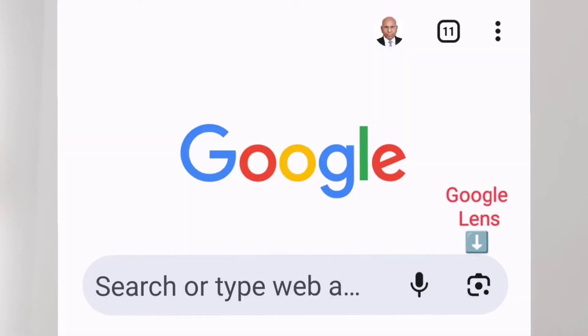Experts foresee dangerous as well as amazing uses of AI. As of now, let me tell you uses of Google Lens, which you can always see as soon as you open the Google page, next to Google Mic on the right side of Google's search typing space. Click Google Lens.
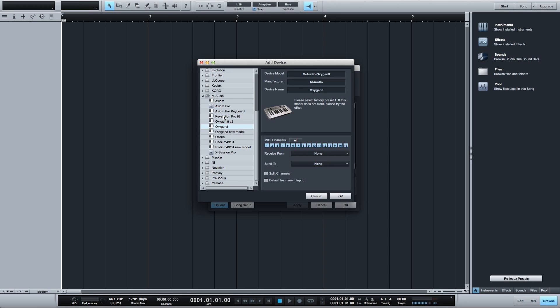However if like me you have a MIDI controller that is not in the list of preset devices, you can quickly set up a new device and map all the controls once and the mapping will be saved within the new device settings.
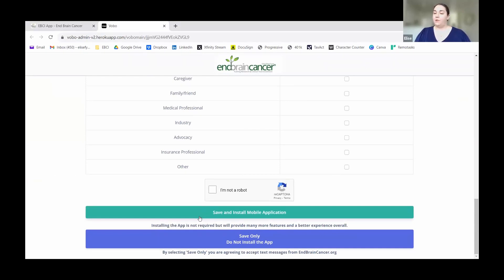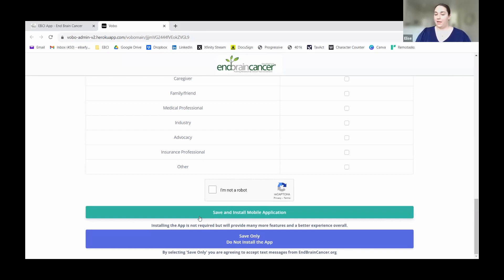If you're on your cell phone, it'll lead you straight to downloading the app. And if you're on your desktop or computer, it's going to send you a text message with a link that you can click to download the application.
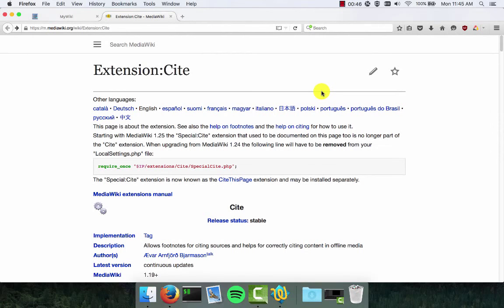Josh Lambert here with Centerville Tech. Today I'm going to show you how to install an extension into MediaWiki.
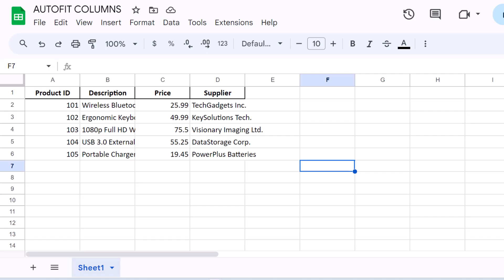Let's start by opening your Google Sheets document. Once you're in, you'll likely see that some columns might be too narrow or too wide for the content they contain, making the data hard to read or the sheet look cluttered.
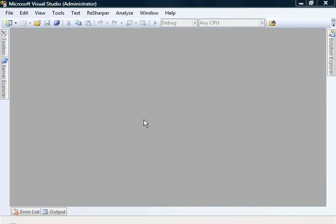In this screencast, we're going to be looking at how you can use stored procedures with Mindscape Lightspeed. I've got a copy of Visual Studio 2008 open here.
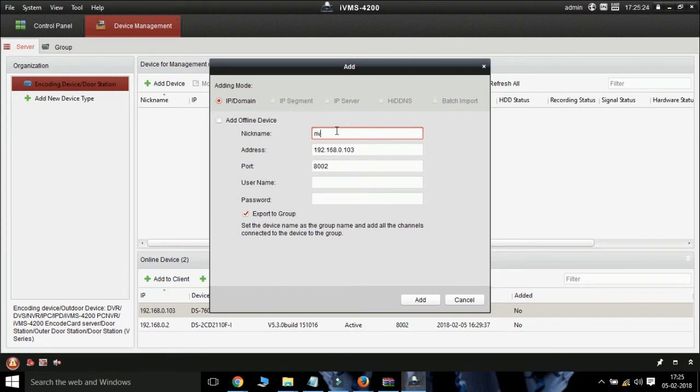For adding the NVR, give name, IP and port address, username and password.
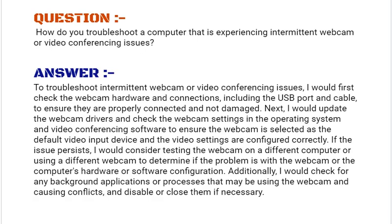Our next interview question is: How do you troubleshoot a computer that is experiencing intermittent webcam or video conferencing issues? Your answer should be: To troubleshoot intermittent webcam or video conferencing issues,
————————
**How to complete this task**
Beginning with the first line of the records above, extract each line exactly through the line that holds "However if like", both ends included. Omit pictures.

**Exercise answer**
Experts foresee dangerous as well as amazing uses of AI. As of now, let me tell you uses of Google Lens, which you can always see as soon as you open the Google page, next to Google Mic on the right side of Google's search typing space. Click Google Lens.
However if like me you have a MIDI controller that is not in the list of preset devices, you can quickly set up a new device and map all the controls once and the mapping will be saved within the new device settings.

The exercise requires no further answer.